Tracking the fate of these new shows will give you a better insight on all that is wrong with Indian television entertainment.

As for the claim that we do have an audience for quality content, as evidenced by the popularity of international shows, you have to be kidding. Just what are the numbers here? There may be enough eyeballs for syndicated reruns of international shows that have already made their money in their home countries; there may even be enough audience to warranty bringing in some of the more popular shows within 24 hours of their international broadcast.
But do we really have enough audience to justify investing in well-scripted original content at a slower speed, subtler dramatisation, not to forget the involved risk in going off the beaten track? What makes channels stick to the same tripe year after year, show after show?
Well one of my favourite theories is that the audience numbers have exponentially increased since the 90’s. Very few people actually owned TV sets in the early days of Doordarshan. Fewer still had cable connections in the early 90s, when channels like Zee and Sony entered the arena. In my view, that was the boldest phase of TV - no longer bound by the stuffy standards of the national channel, and not yet bogged down by the numbers game by focussing on a predominantly urban audience, these channels were ‘cool’ to begin with. TV screens were suddenly more hip, more colourful, and bolder. Amit Behl - the guy who you might remember as the patriarch from many family dramas in recent times - even did the unthinkable on a Sony show once - he kissed. A woman. On the mouth. Not that onscreen lip locks equal better quality, I just mean to point out that shows at the time were willing to push the envelope.
As cable proliferated further, the lowest common denominator in audience taste dropped. Star Plus, which entered the Hindi entertainment arena later in the day, proved with Kyunki… that there is audience for simple family dramas with strong, tradition-espousing themes.

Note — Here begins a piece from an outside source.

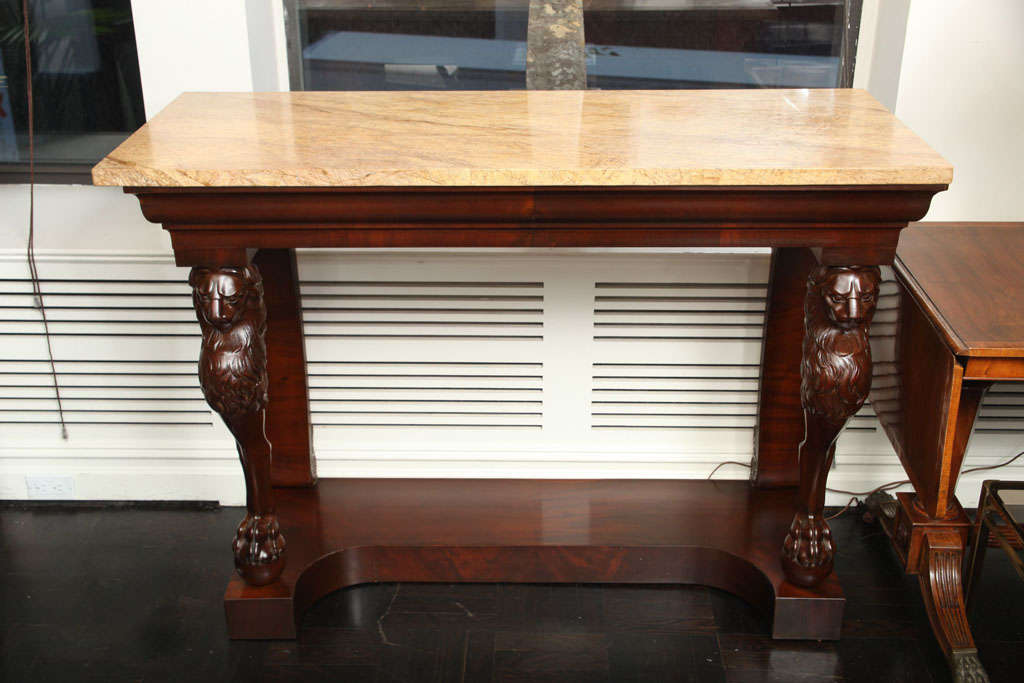 First Empire Mahogany Console with Veined, Beige Marble Top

To be fair, Kyunki… is often wrongly accused of heralding a lot of evils to primetime Television. It wasn’t the first show to use generation leaps as a device to stretch the story further (that honour goes to Tara in the early 90s), nor the first daily soap (that was Shanti, first broadcast on… wait for it… Doordarshan) or even the first one to resurrect dead characters (Shanti again). In fact, compared to most shows airing around the time, Kyunki was admirably… simple. The characters were far more real and dealt with very simple, relatable challenges - there was the kid who got depressed at consistently failing his exams, the morally upright son who took at stand for the woman he loved, the Bahu who fulfilled her wifely duties with grace and integrity despite the less than warm welcome in her marital home. In fact, if you compare the first few episodes of the show with the parody of itself that it had become during its last moments, you’ll find the greatest indictment of audience taste/channel priorities.

Another clue: the ratings of Diya Aur Bati Hum have dropped ever since Sandhya actually became a police officer - which was, you know, supposed to be the whole point of that show.

So yeah, we do have good content every now and then. At least, there are people who try to bring in good content. But between channels unwilling to experiment, or channels punished for trying to do something different, impossible production schedules, and TRPs that reflect no affinity towards quality content… good television is pretty much doomed here.
Unless it’s produced somewhere else.

* Well the frenmity is totally one-sided. I do love reading her articles spiked with feminist rants every once in a while, but then she indulges in a spot of victim-blaming and makes me wonder my choice of reading. Ah, well.

Note: For the purpose of this piece, I'm only talking about fictional shows. Reality shows are a can of worms I don't have the stomach for.